Definition: Use large model (teacher) to train small model (student).

Flow:

Large model generates many examples
Use these examples to train small model
Small model learns to “mimic” large model

Effect:

GPT-4 → GPT-3.5: 10x parameter reduction, 90% performance retained
Deployment costs drastically reduced

29. Benchmark

Definition: Standardized datasets for testing model capabilities.

Mainstream Benchmarks:

MMLU: multidisciplinary multiple choice (57 subjects)
HumanEval: code generation (164 programming problems)
GSM8K: elementary school math word problems
MATH: high-difficulty math problems
BBH (Big-Bench Hard): complex reasoning
MT-Bench: multi-turn dialogue quality

Pitfalls When Reading Benchmarks:

Data leakage: model may have seen test set
Single metric: only looking at accuracy ignores others
Doesn’t represent real scenarios

30. Hallucination

Definition: Model “confidently making things up.”

Example:

1
2
3

User: Introduce the book "Quantum Buddhism"
AI: This book was published by Zhang San in 2018...
(Actually this book doesn't exist)

Causes:

Model “predicts next word,” not “queries database”
Training data has noise

Mitigation Methods:

RAG: provide real documents
Lower Temperature: reduce randomness
Prompt Constraints: “If you don’t know, say ‘I don’t know’”
Cite Sources: require model to cite evidence

How to Learn These Concepts?

1. Layered Learning

Week 1: Token, Context, Prompt, Temperature (write some prompts and play)

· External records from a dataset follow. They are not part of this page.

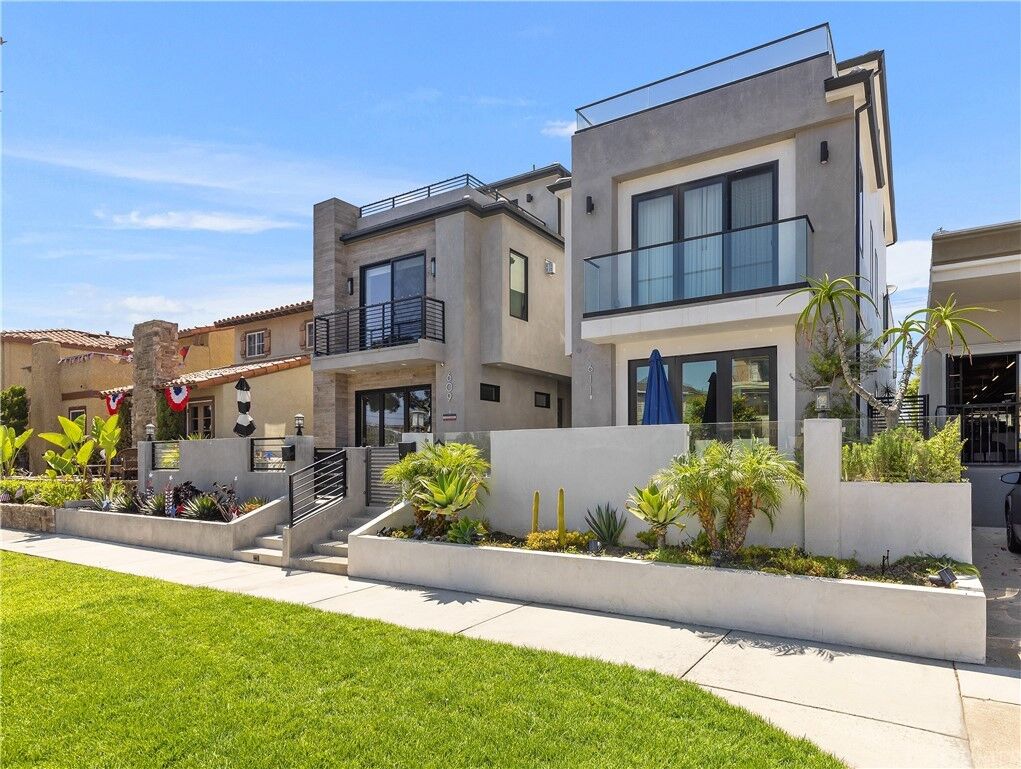 Property Photo:  611 17th Street  CA 92648 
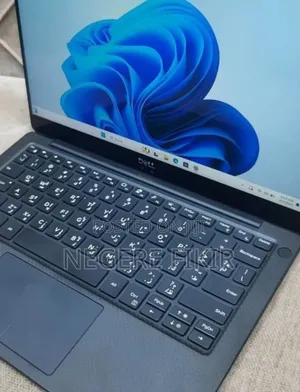 Photo - New Laptop Dell XPS 13 8GB Intel Core I5 SSD 512GB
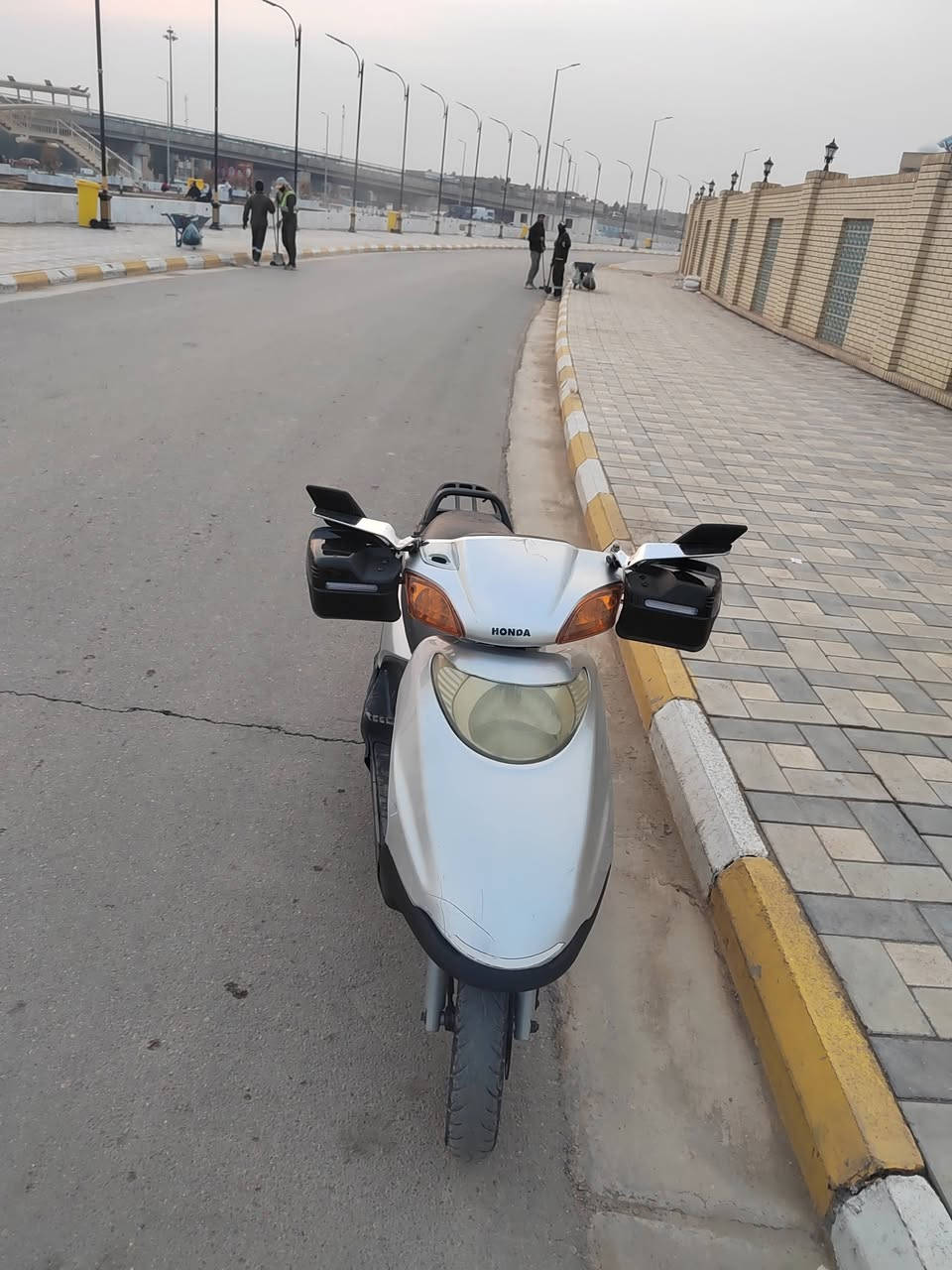 السلام عليكم سبيسي ياباني نضيفه كفرات ياباني كهربائيات شغاله سلف هندر
 خاص  الشراي يتصل ***********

Week 2: Embedding, RAG, Vector Database (make simple Q&A system)

Week 3: Function Calling, Agent (let AI call weather API)

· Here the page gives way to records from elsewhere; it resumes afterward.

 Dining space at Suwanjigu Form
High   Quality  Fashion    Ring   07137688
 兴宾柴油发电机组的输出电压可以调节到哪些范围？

Week 4: Fine-tuning, Quantization (fine-tune a small model)

2. Hands-on Practice

Project Suggestions:

Week 1: Personal knowledge base Q&A (RAG)
Week 2: Multi-tool AI assistant (Function Calling)
Week 3: Code generator (Few-shot + CoT)
Week 4: Fine-tune a customer service bot

3. Follow Cutting Edge

Must Read:

Anthropic Blog
OpenAI Cookbook
HuggingFace Blog
Papers with Code

Communities:

Reddit: r/LocalLLaMA, r/MachineLearning
Twitter: AI researcher accounts
Discord: LangChain, LlamaIndex

Conclusion

These 30 concepts are the “periodic table” of AI engineering.

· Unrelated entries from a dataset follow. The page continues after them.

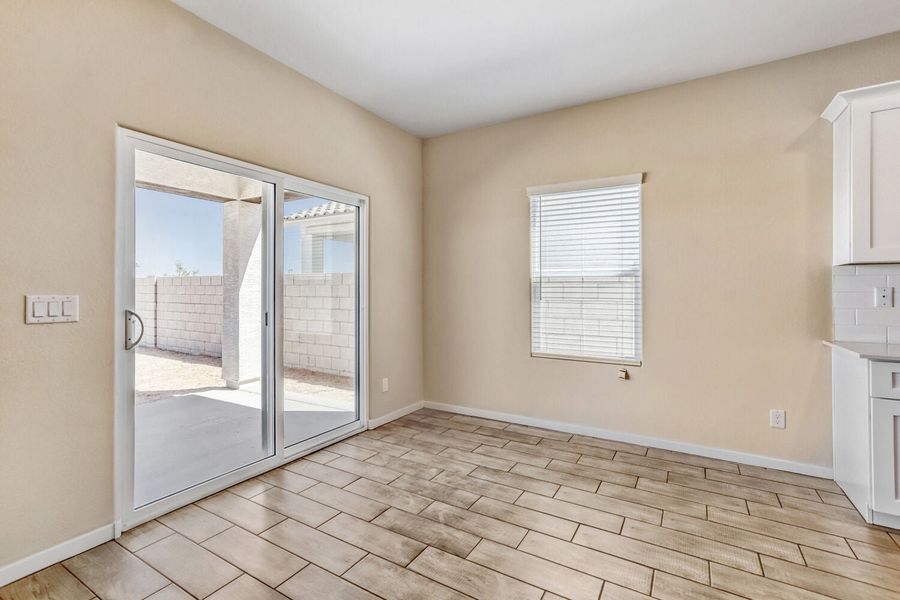 Maricopa, AZ New Home.  - Slide 8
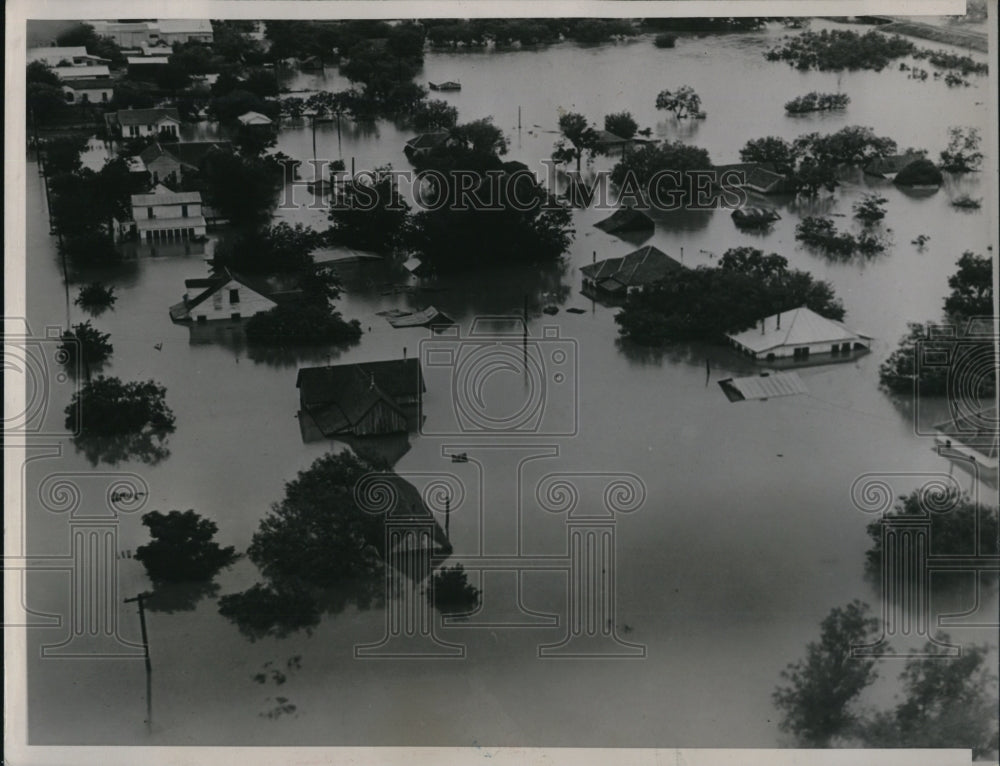 1938 Press Photo Aerial view of residences of San Saba, Texas, covered in water - Historic Images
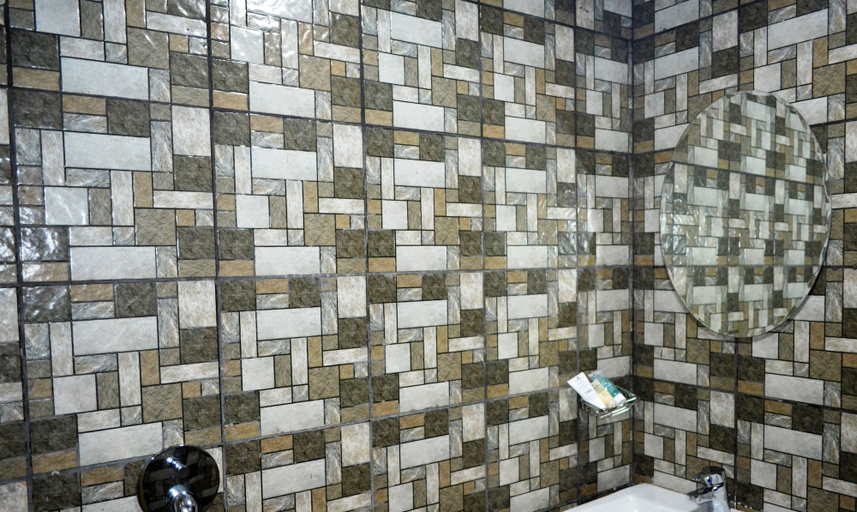 Bathroom 4, Saffron Beach Bistro & Cottages, Entebbe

You don’t need to learn them all at once. But knowing they exist, their relationships, and where they’re used lets you quickly pinpoint issues when encountering problems.

Remember two points:

Concepts are static, applications are dynamic. Don’t memorize definitions, understand scenarios.
AI technology iterates rapidly. Today’s best practices may be outdated in six months. Keep learning, embrace change.

Now, choose a concept that interests you and try it hands-on.

The best way to understand AI is to work with AI.